Analogous to an electrical rectifier, a thermal rectifier (TR) can ensure that heat flows in a preferential direction. In this paper, thermal transport nonlinearity is achieved through the development of a phase-change based TR comprising an enclosed vapor chamber having separated nanostructured copper oxide superhydrophobic and superhydrophilic functional surfaces. In the forward direction, heat transfer is facilitated through evaporation on the superhydrophilic surface and self-propelled jumping-droplet condensation on the superhydrophobic surface. In the reverse direction, heat transfer is minimized due to condensate film formation within the superhydrophilic condenser and inability to return the condensed liquid to the superhydrophobic evaporator. We examine the coupled effects of gap size, coolant mass, heat transfer rate, and applied electric field on the thermal performance of the TR. A maximum thermal diodicity, defined as the ratio of forward to reverse heat transfer, of 39 is achieved.

Figure 1

(a) Schematic of the experimental setup with (b) thermal-node network demonstrating all thermal resistances, and (c) isometric photographic view of the experiment. Schematic in (a) is not to scale. The thermal interface material [TIM, gray color in (a)] was applied to all interfaces between components.

Figure 2

Photographic view of the vapor chamber (a) prior to assembly showing the spacer (left) and top Cu surface (right), and (b) after assembly and fastening.

Figure 3

Top-view SEM images of the adopted nanostructured surfaces. (a) Top-view SEM image of the CuO superhydrophilic surface and contact angle results; (b) dotted orange region in (a) and regions with multiple magnifications; (c) top-view SEM image of the CuO-based superhydrophobic surface with a focused ion-beam milling and contact angle results; (d) dotted blue region in (c).

Figure 4

Pressure leak test showing the transient pressure for the assembled vapor chamber.

Figure 5

Thermal performance of the two chambers having either smooth Cu surfaces (labeled as Cu vapor chamber) or superhydrophilic-superhydrophobic surfaces (labeled as CuO vapor chamber) with a gap size of 1.27 cm and a coolant mass of 8 g for each chamber. (a) Heat flux as a function of bottom and top temperature. (b) Chamber pressure as a function of average chamber temperature as calculated by Eq. (2) [Fig. 1]. (c) Thermal resistance and effective thermal conductivity as a function of chamber average temperature. (d) Specific effective thermal conductivity as a function of average chamber temperature.

Figure 6

Thermal performance of the CuO nanostructured vapor chamber for various coolant masses at a gap spacing of $H=1.27\mathrm{cm}$ (inset schematic).

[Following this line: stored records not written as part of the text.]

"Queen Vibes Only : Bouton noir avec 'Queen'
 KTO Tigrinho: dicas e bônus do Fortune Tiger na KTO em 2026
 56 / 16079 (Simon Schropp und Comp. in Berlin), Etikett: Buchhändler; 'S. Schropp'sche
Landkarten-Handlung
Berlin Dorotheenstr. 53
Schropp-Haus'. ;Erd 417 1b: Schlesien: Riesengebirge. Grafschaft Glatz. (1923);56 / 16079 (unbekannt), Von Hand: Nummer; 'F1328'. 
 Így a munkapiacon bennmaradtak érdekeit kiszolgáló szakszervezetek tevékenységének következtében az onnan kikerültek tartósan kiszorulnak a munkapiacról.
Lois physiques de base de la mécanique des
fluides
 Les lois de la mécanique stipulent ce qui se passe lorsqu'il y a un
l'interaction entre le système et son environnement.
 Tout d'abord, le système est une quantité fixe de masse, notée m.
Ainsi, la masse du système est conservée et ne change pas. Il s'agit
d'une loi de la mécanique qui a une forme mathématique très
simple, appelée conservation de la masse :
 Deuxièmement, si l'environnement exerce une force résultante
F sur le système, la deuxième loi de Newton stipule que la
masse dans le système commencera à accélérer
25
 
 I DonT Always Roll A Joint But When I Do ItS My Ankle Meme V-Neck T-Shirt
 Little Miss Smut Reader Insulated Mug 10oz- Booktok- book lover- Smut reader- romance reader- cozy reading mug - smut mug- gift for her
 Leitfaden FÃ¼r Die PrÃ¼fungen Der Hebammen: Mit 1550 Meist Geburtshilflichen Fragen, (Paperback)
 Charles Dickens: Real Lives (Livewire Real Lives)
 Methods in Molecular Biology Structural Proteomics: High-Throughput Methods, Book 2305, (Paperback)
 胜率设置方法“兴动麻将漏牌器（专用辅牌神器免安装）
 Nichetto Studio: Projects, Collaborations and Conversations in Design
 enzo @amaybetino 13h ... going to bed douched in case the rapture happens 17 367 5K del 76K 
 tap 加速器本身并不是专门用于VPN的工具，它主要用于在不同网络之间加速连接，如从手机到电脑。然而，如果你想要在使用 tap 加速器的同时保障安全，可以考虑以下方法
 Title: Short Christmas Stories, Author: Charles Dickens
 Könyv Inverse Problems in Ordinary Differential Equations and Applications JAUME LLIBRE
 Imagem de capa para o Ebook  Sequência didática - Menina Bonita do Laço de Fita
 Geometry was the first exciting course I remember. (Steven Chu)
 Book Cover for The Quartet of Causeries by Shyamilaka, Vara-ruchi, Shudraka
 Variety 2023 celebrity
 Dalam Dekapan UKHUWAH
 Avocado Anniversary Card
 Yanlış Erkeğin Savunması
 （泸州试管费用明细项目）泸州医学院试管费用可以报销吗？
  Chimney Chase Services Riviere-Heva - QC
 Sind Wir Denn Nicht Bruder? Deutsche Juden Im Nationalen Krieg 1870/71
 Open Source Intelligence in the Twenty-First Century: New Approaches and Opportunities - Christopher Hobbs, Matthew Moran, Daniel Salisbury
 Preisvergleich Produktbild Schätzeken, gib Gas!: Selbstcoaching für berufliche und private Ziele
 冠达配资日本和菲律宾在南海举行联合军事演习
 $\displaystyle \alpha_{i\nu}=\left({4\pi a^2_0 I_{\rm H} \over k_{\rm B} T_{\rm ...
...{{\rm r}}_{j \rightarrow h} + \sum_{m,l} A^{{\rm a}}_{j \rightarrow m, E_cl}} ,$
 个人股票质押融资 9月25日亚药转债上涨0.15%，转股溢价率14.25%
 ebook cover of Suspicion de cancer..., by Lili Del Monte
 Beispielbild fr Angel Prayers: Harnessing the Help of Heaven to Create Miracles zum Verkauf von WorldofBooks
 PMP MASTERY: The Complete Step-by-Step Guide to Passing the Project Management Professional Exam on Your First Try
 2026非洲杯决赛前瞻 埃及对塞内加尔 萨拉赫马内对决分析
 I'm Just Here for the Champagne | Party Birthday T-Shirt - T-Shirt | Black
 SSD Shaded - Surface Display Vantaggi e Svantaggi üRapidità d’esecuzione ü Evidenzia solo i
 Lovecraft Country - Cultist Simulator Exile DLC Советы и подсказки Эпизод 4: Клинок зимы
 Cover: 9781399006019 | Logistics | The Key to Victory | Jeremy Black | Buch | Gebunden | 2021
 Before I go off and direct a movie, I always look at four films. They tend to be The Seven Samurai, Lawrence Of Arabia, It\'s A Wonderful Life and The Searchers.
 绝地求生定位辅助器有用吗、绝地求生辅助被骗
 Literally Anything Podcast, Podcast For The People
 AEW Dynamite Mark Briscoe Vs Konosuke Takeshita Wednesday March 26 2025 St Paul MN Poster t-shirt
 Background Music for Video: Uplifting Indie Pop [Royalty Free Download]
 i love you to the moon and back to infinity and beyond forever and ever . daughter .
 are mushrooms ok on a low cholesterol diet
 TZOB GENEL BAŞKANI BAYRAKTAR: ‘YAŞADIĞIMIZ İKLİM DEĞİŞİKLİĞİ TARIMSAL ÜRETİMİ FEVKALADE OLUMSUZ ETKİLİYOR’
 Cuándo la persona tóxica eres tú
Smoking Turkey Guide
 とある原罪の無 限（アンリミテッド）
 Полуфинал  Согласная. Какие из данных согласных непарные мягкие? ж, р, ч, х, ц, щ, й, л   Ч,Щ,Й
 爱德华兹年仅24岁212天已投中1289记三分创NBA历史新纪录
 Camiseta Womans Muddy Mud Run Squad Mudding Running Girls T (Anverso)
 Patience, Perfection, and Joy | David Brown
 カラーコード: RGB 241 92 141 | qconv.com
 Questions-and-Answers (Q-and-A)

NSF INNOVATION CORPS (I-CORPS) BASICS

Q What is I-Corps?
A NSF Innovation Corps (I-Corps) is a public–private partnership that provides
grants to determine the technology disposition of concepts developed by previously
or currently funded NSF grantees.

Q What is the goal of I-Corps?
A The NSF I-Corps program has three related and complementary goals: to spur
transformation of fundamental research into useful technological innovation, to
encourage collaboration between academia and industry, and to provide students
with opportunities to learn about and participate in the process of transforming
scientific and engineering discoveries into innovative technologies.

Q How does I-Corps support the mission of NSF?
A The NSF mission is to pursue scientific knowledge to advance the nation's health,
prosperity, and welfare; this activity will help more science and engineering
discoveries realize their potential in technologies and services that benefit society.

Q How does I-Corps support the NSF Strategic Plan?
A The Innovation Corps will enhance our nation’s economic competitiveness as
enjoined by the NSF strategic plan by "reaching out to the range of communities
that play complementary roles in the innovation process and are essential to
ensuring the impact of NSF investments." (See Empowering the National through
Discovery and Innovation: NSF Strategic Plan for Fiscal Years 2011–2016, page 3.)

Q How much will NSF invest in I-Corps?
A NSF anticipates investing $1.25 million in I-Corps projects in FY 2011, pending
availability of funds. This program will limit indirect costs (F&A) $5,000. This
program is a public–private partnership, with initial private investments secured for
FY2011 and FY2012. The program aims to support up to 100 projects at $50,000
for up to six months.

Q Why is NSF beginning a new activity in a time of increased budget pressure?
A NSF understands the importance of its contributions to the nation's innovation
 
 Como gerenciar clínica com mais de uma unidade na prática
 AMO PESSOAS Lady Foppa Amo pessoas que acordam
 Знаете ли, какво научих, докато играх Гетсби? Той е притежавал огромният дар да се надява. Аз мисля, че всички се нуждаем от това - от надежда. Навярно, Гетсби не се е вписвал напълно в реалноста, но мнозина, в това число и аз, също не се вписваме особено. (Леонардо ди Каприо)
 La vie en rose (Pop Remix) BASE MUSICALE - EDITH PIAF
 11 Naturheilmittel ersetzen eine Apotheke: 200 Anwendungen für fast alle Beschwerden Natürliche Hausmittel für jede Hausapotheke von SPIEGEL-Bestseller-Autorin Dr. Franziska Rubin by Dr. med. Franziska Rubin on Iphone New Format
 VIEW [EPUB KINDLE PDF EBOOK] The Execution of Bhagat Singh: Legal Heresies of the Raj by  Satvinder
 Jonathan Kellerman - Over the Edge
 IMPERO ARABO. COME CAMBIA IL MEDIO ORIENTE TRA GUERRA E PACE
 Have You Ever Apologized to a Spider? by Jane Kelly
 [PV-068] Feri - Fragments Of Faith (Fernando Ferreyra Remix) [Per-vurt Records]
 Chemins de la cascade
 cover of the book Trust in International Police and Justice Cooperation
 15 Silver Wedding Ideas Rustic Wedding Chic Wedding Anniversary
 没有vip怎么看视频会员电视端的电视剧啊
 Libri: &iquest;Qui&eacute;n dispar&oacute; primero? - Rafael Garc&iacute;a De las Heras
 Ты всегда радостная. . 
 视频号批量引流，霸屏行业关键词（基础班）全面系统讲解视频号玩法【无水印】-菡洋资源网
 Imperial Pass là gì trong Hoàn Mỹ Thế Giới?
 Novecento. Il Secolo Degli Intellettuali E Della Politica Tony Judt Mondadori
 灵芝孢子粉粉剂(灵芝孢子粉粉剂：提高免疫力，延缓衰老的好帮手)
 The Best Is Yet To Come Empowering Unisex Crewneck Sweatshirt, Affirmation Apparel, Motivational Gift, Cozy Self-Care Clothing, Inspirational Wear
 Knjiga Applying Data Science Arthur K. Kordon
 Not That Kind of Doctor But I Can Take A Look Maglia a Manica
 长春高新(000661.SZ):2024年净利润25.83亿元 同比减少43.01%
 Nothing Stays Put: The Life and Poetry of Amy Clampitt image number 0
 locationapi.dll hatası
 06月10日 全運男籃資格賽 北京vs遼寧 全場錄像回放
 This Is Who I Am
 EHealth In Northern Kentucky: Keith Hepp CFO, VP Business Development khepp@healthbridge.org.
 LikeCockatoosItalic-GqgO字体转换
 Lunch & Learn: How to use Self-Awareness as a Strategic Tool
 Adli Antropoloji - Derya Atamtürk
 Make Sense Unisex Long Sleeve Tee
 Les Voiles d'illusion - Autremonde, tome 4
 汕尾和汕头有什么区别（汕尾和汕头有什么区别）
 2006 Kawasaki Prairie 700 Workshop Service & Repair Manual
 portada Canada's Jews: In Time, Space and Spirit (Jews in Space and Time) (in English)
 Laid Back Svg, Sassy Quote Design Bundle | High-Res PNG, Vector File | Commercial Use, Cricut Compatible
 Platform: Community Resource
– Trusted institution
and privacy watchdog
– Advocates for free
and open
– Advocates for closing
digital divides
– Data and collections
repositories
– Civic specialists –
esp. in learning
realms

Measured (a) heat flux, (b) thermal resistance, and (c) effective thermal conductivity as a function of average chamber temperature. Inset in (a): Schematic representation of the chamber cross section with a superhydrophobic top plate, and superhydrophilic bottom plate. Gravity points downward in the schematic. Schematic not to scale.

Figure 7

Thermal performance of vapor chamber prototypes having (a)–(c) $H=1.27$ and 2.54 cm, with 2 g of coolant (DI water), and (d)–(f) $H=1.27$, 1.90, and 2.54 cm with 8 g of coolant. The experimental measurements report (a), (d) heat flux, (b), (e) thermal resistance, and (c), (f) effective thermal conductivity, as a function of average chamber temperature.

Figure 8

Transient temperature response with and without electric field for a chamber prototype having $H=1.27\mathrm{cm}$ with 4 g coolant, at (a) heat flux of $4\mathrm{W}/\mathrm{c}{\mathrm{m}}^2$, and (b) heat flux of $8.8\mathrm{W}/\mathrm{c}{\mathrm{m}}^2$.

Figure 9

Thermal-conductivity based TR characterization as a function of temperature difference for chambers having (a) coolant mass of 2 g and gap size of $H=1.27\mathrm{cm}$, (b) coolant mass of 2 g and $H=2.54\mathrm{cm}$, (c) coolant mass of 4 g and $H=1.27\mathrm{cm}$, (d) coolant mass of 4 g and $H=2.54\mathrm{cm}$, (e) coolant mass of 8 g and $H=1.27\mathrm{cm}$, and (f) coolant mass of 8 g and $H=2.54\mathrm{cm}$. Red circles and black squares represent forward and reverse mode, respectively.

Figure 10

Thermal-resistance based TR characterization and a function of temperature difference for chambers having (a) coolant mass of 2 g and gap size of $H=1.27\mathrm{cm}$, (b) coolant mass of 2 g and $H=2.54\mathrm{cm}$, (c) coolant mass of 4 g and $H=1.27\mathrm{cm}$, (d) coolant mass of 4 g and $H=2.54\mathrm{cm}$, (e) coolant mass of 8 g and $H=1.27\mathrm{cm}$, and (f) coolant mass of 8 g and $H=2.54\mathrm{cm}$. Red circles and black squares represent forward and reverse mode, respectively.